— The task —
At the line containing "播放器, 一瓶水和其他训练设备。健身房和健身套装集合图标在平面, 轮廓, 单色风格矢量符号股票插画网站", begin an exact copy of the lines below and continue through the final one, with no pictures.
Start of Records for this exercise
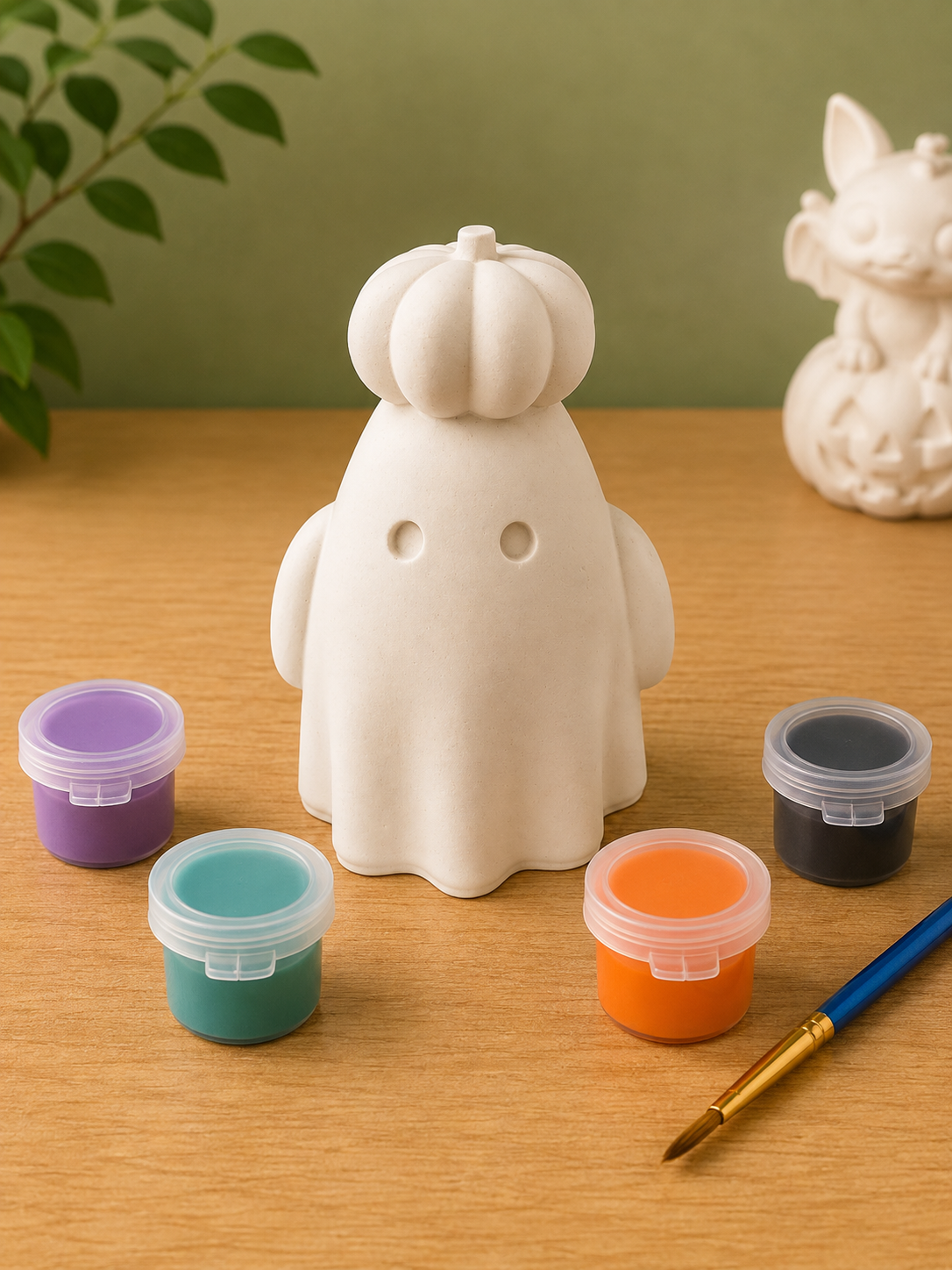 Paintable ceramic ghost figurine kit with paintbrush and assorted paint colors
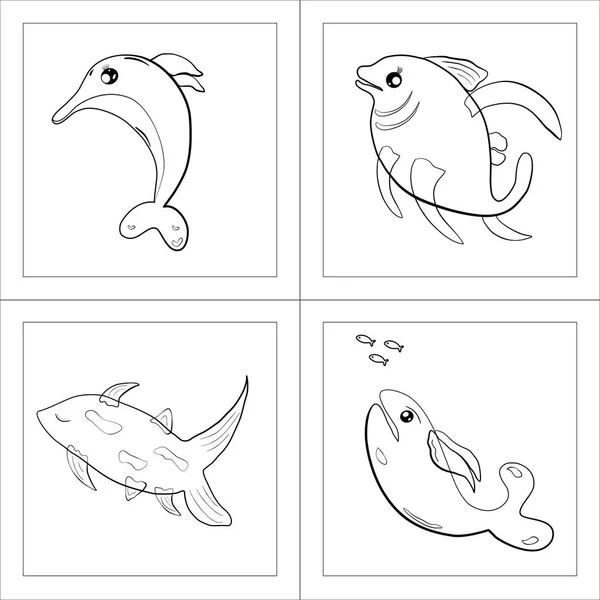 Vektor Vielzahl Reihe Von Cartoon Fisch Meer Tier Unterwasser Symbole — Stockvektor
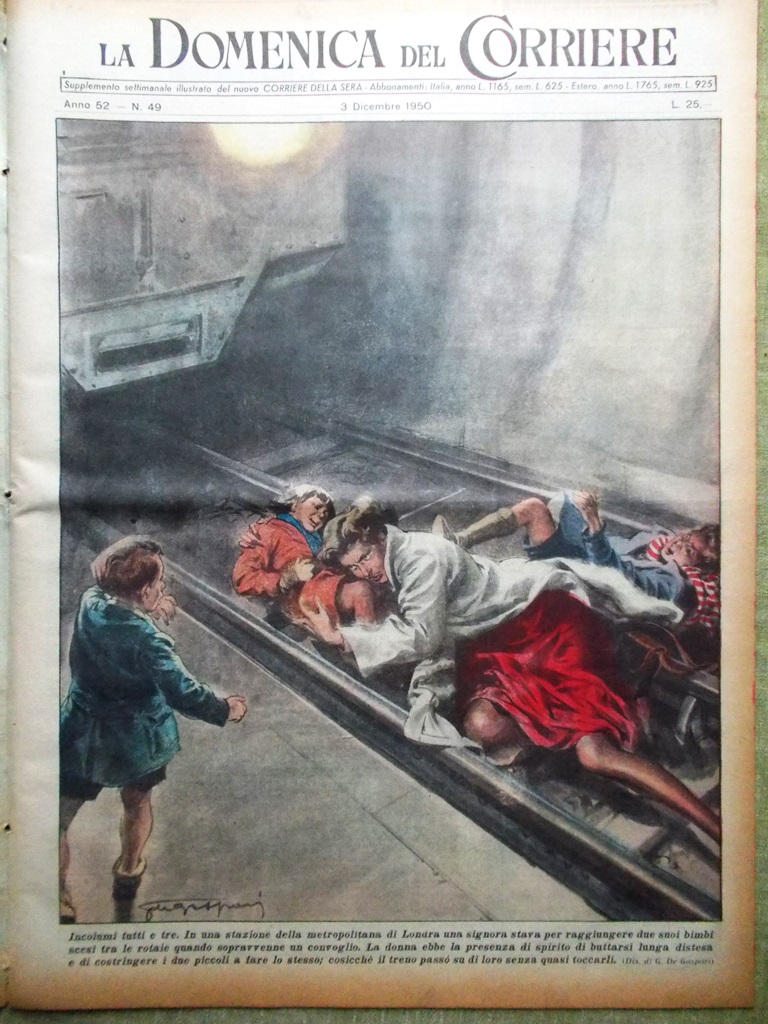 La Domenica del Corriere 3 Dicembre 1950 De Filippo Attentati …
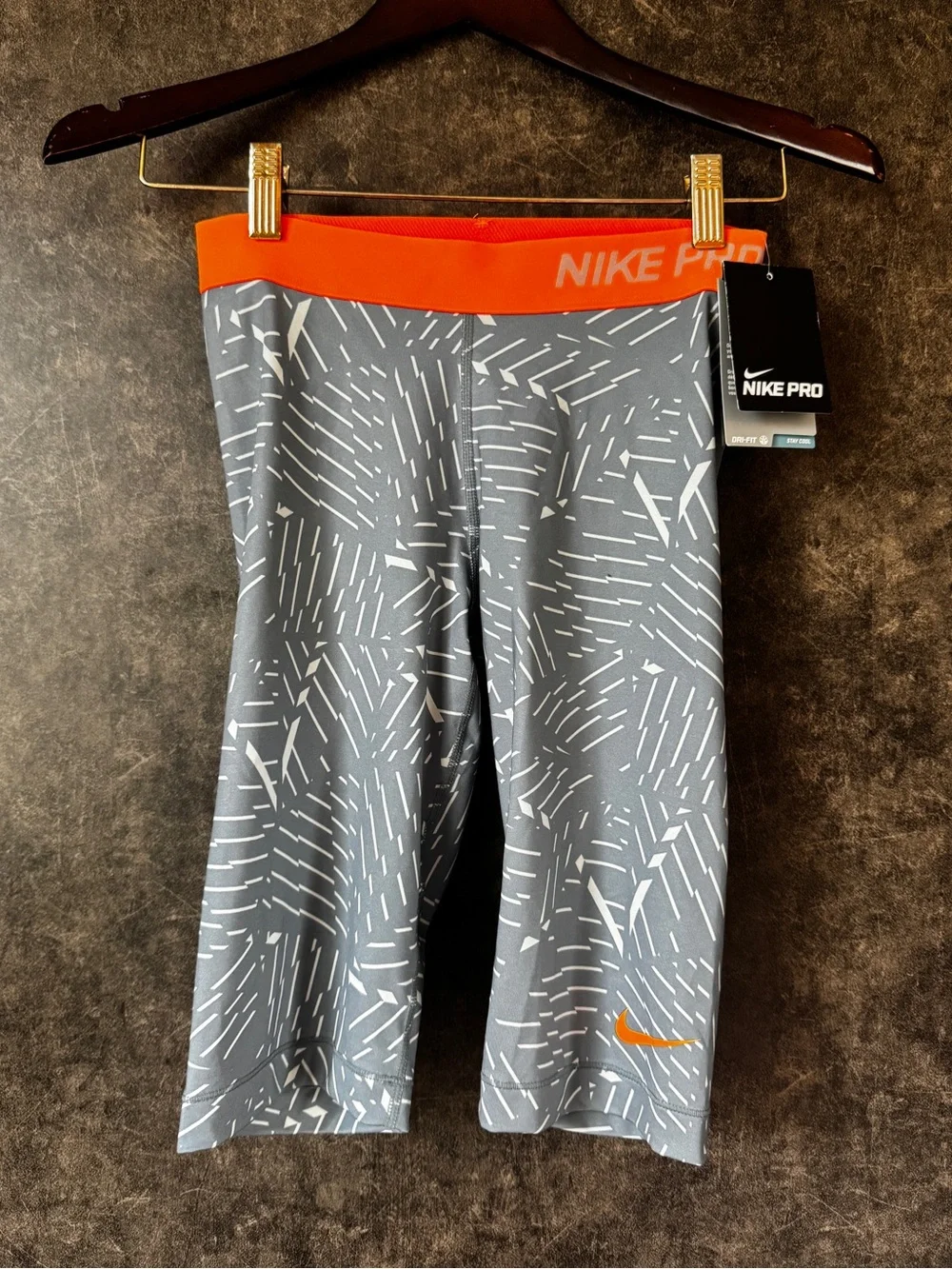 NWT Nike Pro Dri-FIT Long Biker Shorts S Gray Orange Compression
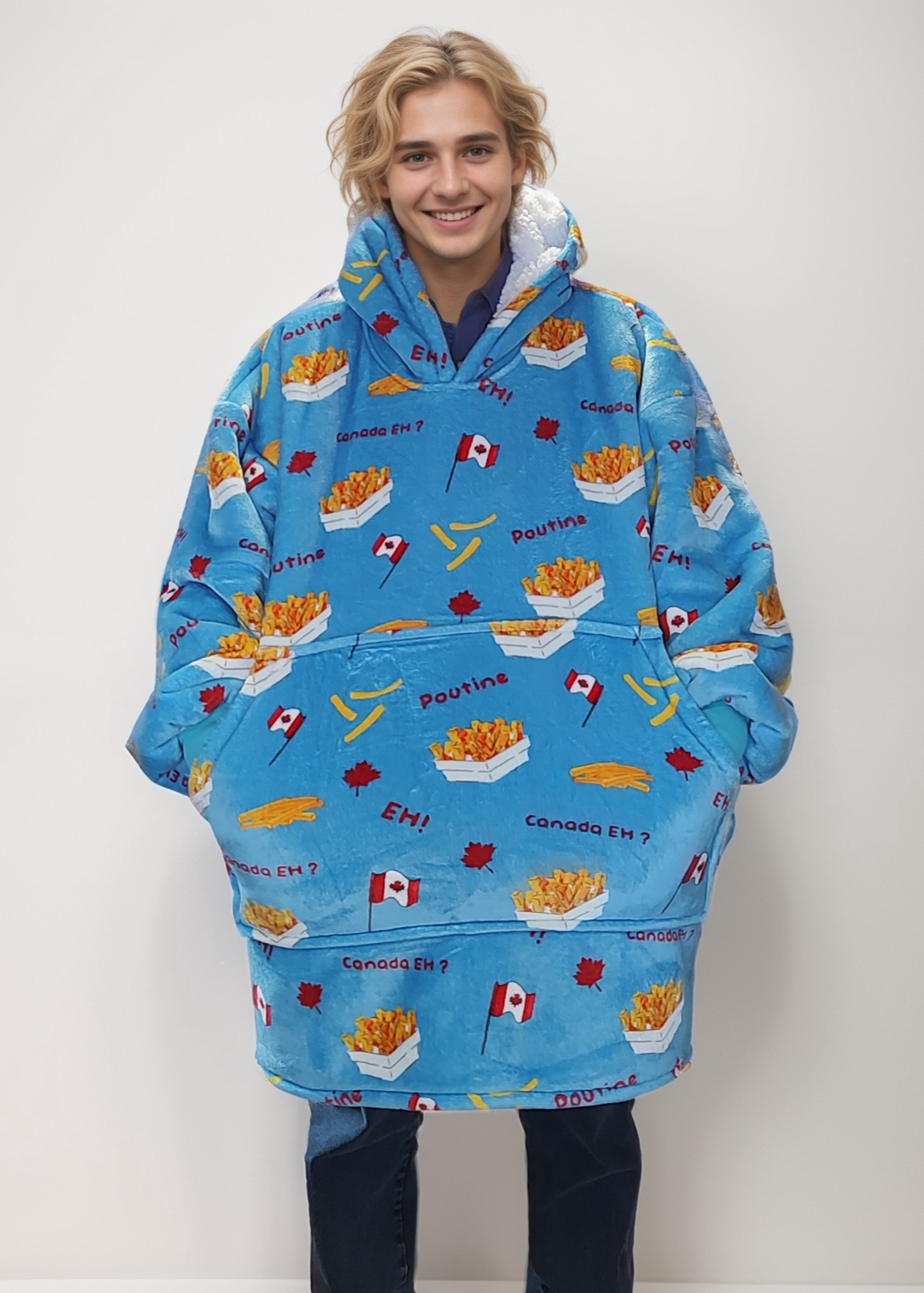 Oversized wearable blanket with poutine print, featuring a roomy hood and extra-large pocket.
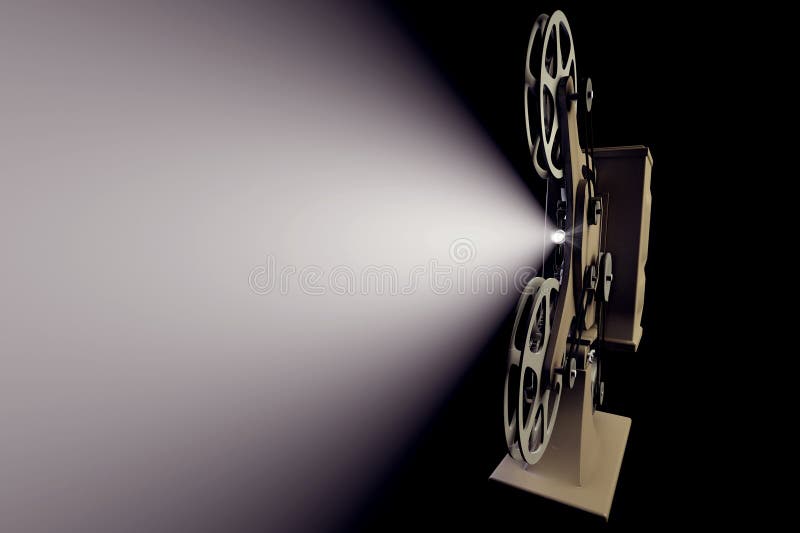 3D illustration of Retro film projector vector illustration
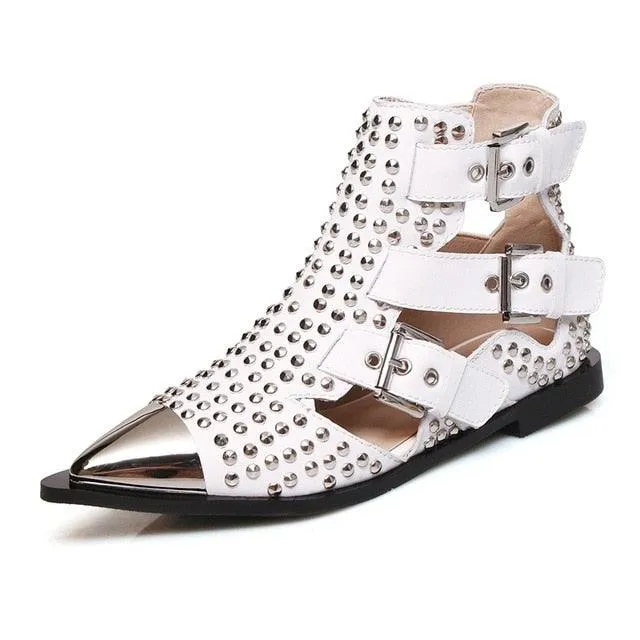 Metal Studded Rivets Pointy Toe Buckle Straps Ankle Boots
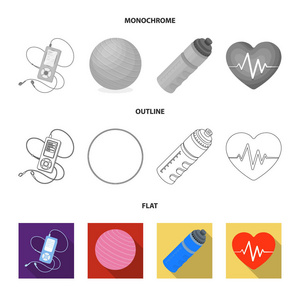 播放器, 一瓶水和其他训练设备。健身房和健身套装集合图标在平面, 轮廓, 单色风格矢量符号股票插画网站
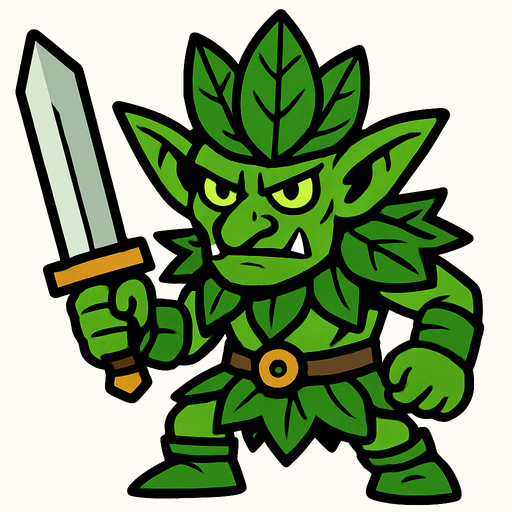 yeşil yapraklı dövüşçü goblin.
In-Game asset.  2d.  High contrast.  No shadows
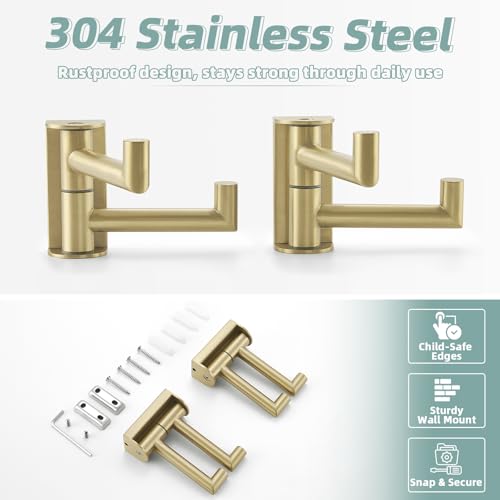 Brushed Gold Swivel Towel Hooks for Bathroom (2 Count)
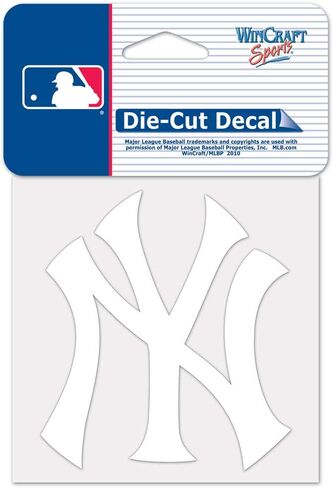 MLB New York Yankees 45817011 Perfect Cut Decal, 4" x 4", White in Saudi Arabia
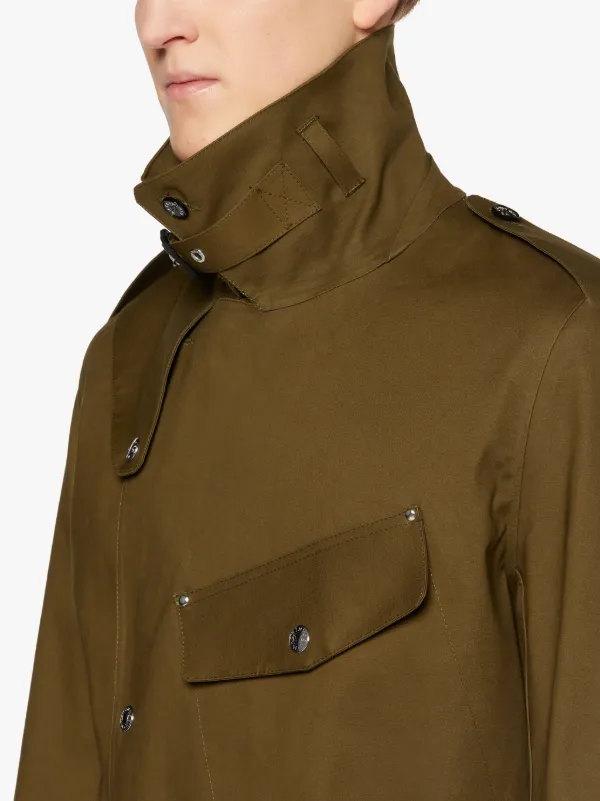 EVANTON Olive Bonded Cotton Despatch Trench Coat | GR-1027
End of Records for this exercise
— Exercise result —
 播放器, 一瓶水和其他训练设备。健身房和健身套装集合图标在平面, 轮廓, 单色风格矢量符号股票插画网站
 yeşil yapraklı dövüşçü goblin.
In-Game asset.  2d.  High contrast.  No shadows
 Brushed Gold Swivel Towel Hooks for Bathroom (2 Count)
 MLB New York Yankees 45817011 Perfect Cut Decal, 4" x 4", White in Saudi Arabia
 EVANTON Olive Bonded Cotton Despatch Trench Coat | GR-1027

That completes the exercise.